October 27, 2016 at 2:47 pm
I have a table valued function to count student truant days in any passed 30 days that met threshold of 7 days and return the earliest passed threshold date.
I have to use a recursive CTE in the table valued function to count these. The truant table will have records for each student , each absent date.
The table valued function is run every day, because the TruantDay table is updated every day with new attendance data in case student is excused from absent.
Currently the query runs fine, it takes about 20 seconds. But I am a little worried it will increase as the TruantDay table increased. If anything to improve for the speed?
WITH FirstLastAbsentDates AS
(
SELECT a.StudentId
,MIN(a.Att_Date) AS FirstDay
,MAX(a.Att_Date) AS EndDay
FROM TruantDay a
WHERE a.IsAbsent = 1
AND a.IsCleared = 0
GROUP BY a.StudentId
HAVING MAX(a.Att_Date) > MIN(a.Att_Date)
)
, CTEDateRanges (StudentId, EndDay) AS
(
SELECT a.StudentId
,a.EndDay
FROM FirstLastAbsentDates a
UNION ALL
SELECT a.StudentId
,DATEADD(d, -1, c.EndDay) AS EndDay
FROM FirstLastAbsentDates a
JOIN CTEDateRanges c
ON c.StudentId = a.StudentId
WHERE DATEADD(d, -1, c.EndDay) > a.FirstDay
)
, MTDOver6Days AS
(
SELECT a.StudentId
, a.EndDay AS ThresholdDate
, COUNT(*) AS AbsenceCount
FROM CTEDateRanges a
JOIN TruantDay b
ON b.StudentId = a.StudentId
WHERE b.IsAbsent = 1
AND b.IsCleared = 0
AND b.Att_Date BETWEEN DATEADD(d, -30, a.EndDay)
AND a.EndDay
GROUP BY a.StudentId, a.EndDay
HAVING COUNT(*) > 6
)
SELECT a.StudentId
,a.ThresholdDate
,a.AbsenceCount
FROM MTDOver6Days a
WHERE a.ThresholdDate = (SELECT MIN(b.ThresholdDate)
FROM MTDOver6Days b
WHERE b.StudentId = a.StudentId
October 27, 2016 at 3:31 pm
sqlfriends (10/27/2016)
I have a table valued function to count student truant days in any passed 30 days that met threshold of 7 days and return the earliest passed threshold date.I have to use a recursive CTE in the table valued function to count these.
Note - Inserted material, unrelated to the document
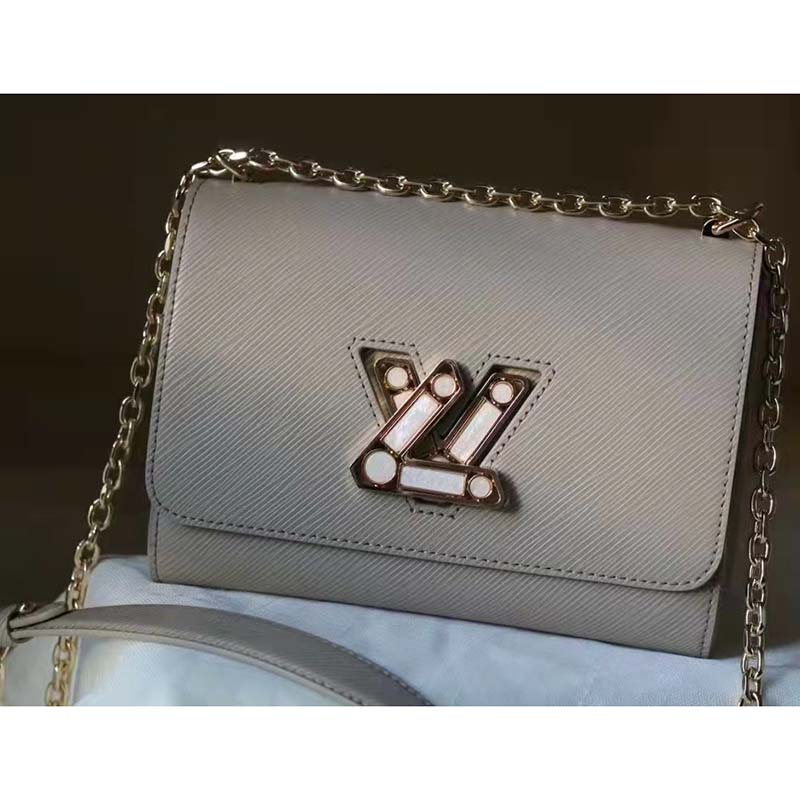 Louis Vuitton LV Women Twist MM Handback Gris Cloudy Epi Cowhide Leather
The truant table will have records for each student , each absent date.
The table valued function is run every day, because the TruantDay table is updated every day with new attendance data in case student is excused from absent.
Currently the query runs fine, it takes about 20 seconds. But I am a little worried it will increase as the TruantDay table increased. If anything to improve for the speed?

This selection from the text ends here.